▸ **Your goal**: The answer must be every line of the records below that holds the word "from".

---------- Records for this task ----------

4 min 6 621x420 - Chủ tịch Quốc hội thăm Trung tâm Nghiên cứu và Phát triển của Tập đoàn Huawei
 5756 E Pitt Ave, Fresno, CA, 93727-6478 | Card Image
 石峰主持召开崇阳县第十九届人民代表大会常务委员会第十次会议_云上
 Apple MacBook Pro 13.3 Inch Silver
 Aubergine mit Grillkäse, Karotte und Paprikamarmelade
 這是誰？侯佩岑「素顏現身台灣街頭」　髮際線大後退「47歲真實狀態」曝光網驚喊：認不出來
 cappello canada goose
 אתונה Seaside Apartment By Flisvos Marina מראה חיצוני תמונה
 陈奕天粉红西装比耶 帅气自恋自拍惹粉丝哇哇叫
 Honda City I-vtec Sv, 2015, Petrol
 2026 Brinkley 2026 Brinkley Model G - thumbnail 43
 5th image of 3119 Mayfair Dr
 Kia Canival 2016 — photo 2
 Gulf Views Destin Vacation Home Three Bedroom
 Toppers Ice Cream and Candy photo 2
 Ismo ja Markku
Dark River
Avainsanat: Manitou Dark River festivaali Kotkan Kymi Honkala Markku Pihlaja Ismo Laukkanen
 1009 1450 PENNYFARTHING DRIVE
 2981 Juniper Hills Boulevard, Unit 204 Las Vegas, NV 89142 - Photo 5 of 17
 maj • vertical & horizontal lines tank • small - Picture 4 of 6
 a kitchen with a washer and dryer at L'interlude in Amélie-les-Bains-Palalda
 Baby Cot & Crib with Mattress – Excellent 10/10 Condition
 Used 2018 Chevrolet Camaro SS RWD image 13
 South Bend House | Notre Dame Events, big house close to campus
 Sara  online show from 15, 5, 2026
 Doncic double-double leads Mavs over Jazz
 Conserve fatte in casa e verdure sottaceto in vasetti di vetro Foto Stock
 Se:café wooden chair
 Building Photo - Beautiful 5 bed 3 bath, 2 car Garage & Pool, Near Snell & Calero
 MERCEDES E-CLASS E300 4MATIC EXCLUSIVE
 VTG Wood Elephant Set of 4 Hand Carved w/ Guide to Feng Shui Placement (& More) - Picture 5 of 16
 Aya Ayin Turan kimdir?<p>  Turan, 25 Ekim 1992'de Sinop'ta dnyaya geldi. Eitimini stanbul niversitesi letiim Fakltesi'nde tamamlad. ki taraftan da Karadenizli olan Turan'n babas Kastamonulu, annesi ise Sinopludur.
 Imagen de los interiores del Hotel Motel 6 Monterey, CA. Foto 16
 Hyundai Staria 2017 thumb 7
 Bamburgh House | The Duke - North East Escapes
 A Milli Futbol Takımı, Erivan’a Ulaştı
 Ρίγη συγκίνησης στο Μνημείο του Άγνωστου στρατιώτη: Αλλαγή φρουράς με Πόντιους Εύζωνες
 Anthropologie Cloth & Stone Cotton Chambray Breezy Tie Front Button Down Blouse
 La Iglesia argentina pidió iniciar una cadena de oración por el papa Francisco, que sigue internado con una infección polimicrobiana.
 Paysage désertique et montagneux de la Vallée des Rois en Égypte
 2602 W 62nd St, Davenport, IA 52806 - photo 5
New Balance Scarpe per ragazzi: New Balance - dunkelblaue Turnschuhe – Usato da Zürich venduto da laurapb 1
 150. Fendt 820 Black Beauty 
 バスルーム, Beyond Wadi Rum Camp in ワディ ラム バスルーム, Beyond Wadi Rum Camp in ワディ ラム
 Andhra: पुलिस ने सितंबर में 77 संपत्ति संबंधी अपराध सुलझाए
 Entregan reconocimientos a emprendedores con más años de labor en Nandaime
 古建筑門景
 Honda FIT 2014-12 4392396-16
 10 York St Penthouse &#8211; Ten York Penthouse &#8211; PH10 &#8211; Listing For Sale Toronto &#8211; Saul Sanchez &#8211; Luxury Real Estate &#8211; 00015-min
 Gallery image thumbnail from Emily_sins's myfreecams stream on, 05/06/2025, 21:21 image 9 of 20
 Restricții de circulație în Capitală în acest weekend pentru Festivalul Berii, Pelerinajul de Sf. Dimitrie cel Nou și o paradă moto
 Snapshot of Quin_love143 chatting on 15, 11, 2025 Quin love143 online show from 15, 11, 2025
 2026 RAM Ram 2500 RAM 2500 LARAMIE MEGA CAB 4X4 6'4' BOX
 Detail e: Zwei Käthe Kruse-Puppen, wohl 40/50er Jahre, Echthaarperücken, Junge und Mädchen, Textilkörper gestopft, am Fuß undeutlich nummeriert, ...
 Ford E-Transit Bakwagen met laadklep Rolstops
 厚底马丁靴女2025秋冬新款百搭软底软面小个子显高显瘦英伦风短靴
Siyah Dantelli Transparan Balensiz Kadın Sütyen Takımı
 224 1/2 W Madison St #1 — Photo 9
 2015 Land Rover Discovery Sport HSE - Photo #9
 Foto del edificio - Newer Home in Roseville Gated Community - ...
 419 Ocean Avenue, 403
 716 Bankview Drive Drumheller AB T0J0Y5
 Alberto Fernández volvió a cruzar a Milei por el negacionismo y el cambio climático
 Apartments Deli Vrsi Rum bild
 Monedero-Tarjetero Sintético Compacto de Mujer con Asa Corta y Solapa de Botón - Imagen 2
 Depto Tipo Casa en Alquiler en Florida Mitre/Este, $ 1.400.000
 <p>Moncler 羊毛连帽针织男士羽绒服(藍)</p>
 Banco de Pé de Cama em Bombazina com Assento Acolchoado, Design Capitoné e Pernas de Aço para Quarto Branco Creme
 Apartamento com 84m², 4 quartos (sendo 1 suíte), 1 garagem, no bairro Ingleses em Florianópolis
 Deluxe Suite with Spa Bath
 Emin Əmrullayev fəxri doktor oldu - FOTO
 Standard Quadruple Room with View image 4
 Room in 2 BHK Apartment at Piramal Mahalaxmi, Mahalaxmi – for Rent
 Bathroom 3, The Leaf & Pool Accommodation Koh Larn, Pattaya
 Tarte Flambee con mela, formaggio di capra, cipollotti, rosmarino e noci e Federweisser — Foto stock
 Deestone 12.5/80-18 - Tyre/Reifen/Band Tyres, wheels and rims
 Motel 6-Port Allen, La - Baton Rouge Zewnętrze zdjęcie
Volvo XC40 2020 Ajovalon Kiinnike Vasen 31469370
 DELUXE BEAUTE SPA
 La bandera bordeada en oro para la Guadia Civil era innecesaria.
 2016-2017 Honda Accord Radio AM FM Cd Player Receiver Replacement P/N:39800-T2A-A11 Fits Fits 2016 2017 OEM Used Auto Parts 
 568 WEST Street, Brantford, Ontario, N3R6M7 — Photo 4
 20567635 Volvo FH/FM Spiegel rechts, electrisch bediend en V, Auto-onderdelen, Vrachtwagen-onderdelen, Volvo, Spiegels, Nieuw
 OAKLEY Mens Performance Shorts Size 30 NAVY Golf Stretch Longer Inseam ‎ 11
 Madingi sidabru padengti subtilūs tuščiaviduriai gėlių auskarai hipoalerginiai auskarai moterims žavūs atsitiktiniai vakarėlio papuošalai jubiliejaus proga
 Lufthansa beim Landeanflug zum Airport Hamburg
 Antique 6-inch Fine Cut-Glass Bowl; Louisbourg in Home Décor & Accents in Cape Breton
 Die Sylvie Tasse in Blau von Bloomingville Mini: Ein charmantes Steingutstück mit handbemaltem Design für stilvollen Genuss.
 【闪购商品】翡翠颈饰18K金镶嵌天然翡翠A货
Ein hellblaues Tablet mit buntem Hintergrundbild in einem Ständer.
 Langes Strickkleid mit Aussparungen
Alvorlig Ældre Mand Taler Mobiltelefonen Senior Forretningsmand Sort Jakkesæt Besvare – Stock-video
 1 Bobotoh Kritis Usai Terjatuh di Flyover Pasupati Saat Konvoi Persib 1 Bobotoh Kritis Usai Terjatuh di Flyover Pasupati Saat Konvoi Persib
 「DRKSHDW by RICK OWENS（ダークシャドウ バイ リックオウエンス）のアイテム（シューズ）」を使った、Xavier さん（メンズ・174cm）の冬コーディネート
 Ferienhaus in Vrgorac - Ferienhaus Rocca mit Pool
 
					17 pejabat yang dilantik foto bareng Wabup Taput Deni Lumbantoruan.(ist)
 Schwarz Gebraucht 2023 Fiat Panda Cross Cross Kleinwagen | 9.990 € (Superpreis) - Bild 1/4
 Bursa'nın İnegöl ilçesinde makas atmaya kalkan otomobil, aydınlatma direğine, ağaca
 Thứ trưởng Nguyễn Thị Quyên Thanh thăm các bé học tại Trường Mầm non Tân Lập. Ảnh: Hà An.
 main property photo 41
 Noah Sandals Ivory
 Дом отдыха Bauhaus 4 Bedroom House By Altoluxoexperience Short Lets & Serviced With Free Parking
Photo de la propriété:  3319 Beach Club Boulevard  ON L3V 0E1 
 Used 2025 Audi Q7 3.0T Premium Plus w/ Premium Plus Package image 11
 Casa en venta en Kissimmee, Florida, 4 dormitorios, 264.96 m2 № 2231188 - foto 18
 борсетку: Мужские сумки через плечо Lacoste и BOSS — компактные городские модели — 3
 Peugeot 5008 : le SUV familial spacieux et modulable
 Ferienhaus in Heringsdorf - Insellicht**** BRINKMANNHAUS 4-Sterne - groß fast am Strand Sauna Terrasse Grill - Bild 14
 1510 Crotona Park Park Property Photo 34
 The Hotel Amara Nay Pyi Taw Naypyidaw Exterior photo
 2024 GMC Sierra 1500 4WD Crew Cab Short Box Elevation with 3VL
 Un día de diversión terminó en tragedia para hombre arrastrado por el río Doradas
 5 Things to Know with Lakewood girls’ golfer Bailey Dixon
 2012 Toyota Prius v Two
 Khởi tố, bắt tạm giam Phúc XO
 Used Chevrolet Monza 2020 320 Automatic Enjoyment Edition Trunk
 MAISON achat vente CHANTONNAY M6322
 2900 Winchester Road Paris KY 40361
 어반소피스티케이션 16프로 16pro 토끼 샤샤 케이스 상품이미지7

----------

▸ **The answer**:
 Sara  online show from 15, 5, 2026
 Gallery image thumbnail from Emily_sins's myfreecams stream on, 05/06/2025, 21:21 image 9 of 20
 Snapshot of Quin_love143 chatting on 15, 11, 2025 Quin love143 online show from 15, 11, 2025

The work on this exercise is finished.